There should never be more than one reason for a class to change. – Robert C. Martin

This sentence is a little bit hard to grasp. An easier understandable version would be

A class shouldn’t have more than one responsibility. – Waog (probably not the first who says that)

I won’t describe why it is a good or useful principle, but we can discuss this in the comments if you think different.

A simple Example

So lets take a look at this simple example class:

A simple class "Car".

A simple class “Car”.

We have a Car class here, with two private variables (second compartment) and four methods (third compartment). The class violates the Single Responsibility Principle because it has more than one Responsibility.

Without applying principles, you can never claim, that you wrote good software. Many people do so anyway 🙂

Identifying the Responsibilities

Intuitively it’s easy to grasp that the above Car class has multiple responsibilities, because we already have a good intuition for cars. It’s a little bit more tricky to identify the exact responsibilities by intuition.

But you don’t want to learn something about my fancy Car-Class, but something which you can apply to your future code. So a good intuition for the class in question can’t be assumed. Instead we need some general rules to identify the responsibilities.

For this we use another graphical notation to represent the same class. (I don’t know if this notation has a special name, I came up with it on my own. Please tell me if you know):

Displaying each field and method of the Car-Class as a Box and connecting them if one uses another.

Displaying each field and method of the Car-Class as a Box and connecting them if one uses another.

This diagram contains some information which wasn’t visible in the class diagram before: the dependencies between it’s content. In this diagram, each responsibility got one color: yellow and blue. They can be identified by finding the so-called connected components. Between the blue and the yellow components there are no connections, so each of them is one responsibility.

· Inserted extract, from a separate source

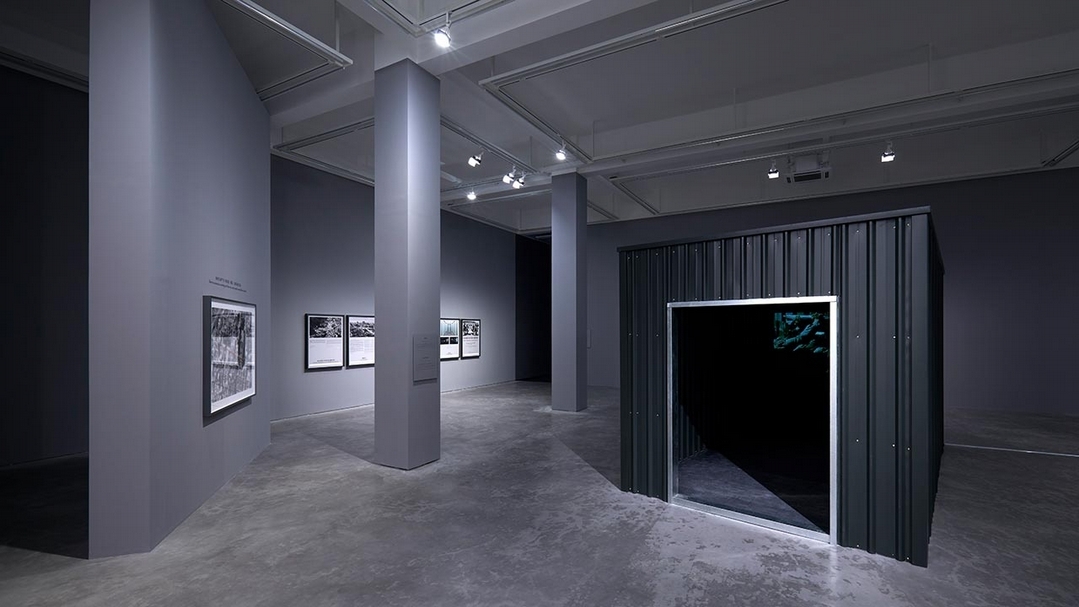 2017年陳界仁於長征空間的「中空之地」展覽現場，《推移者》影像裝置。（攝影／陳又維，長征空間提供）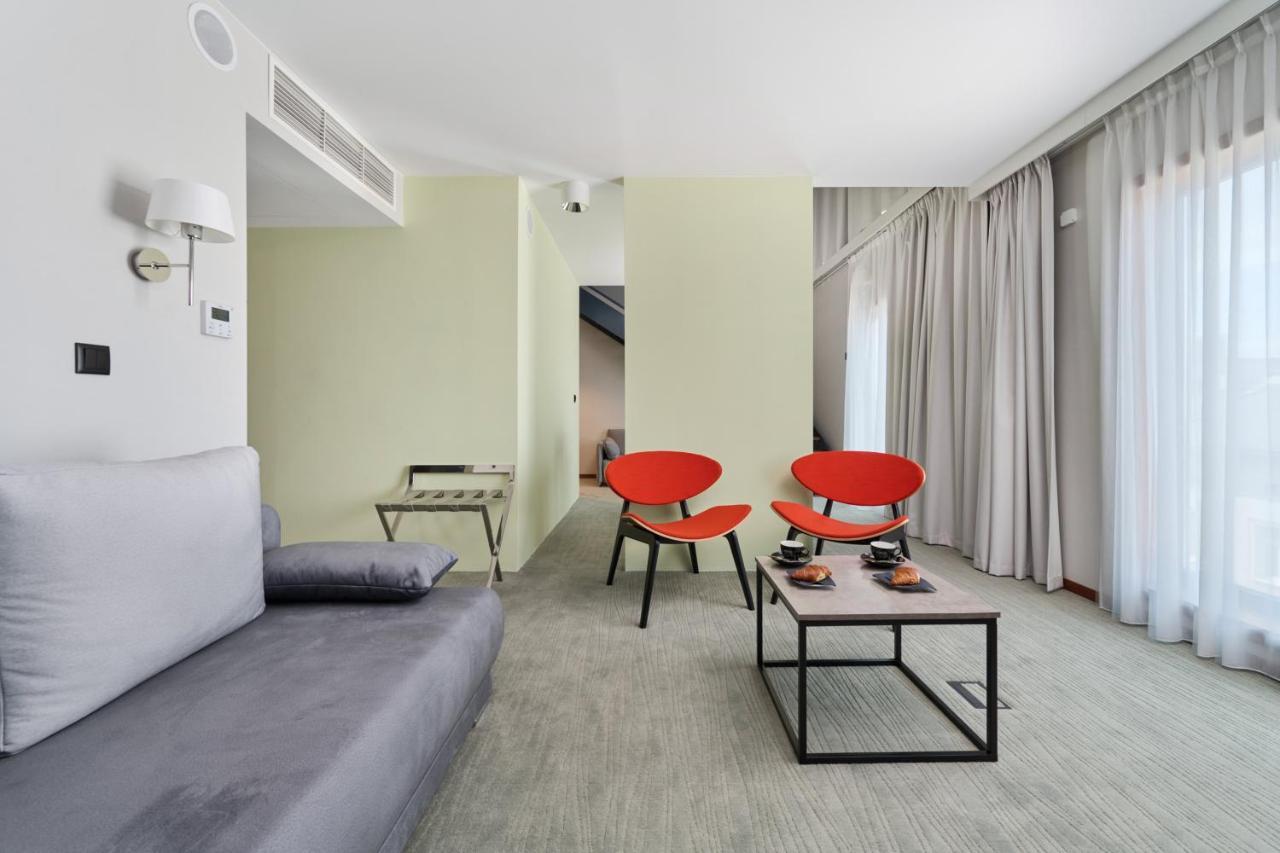 Gwarna Aparthotel City Center Wroclaw By Noclegi Renters Zewnętrze zdjęcie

Removing the first Responsibility

Now if you found a class with multiple responsibilities, it’s bad software. You have to pull the additional responsibilities out of the class. In our Car-example we pull out all the blue components into a new Engine class:

We can pull out an Engine class, to move the responsibility from Car.

We can pull out an Engine class, to move the responsibility from Car.

 

We could also have pulled out the yellow components into a DoorLight class. Now we’re ready. Or not?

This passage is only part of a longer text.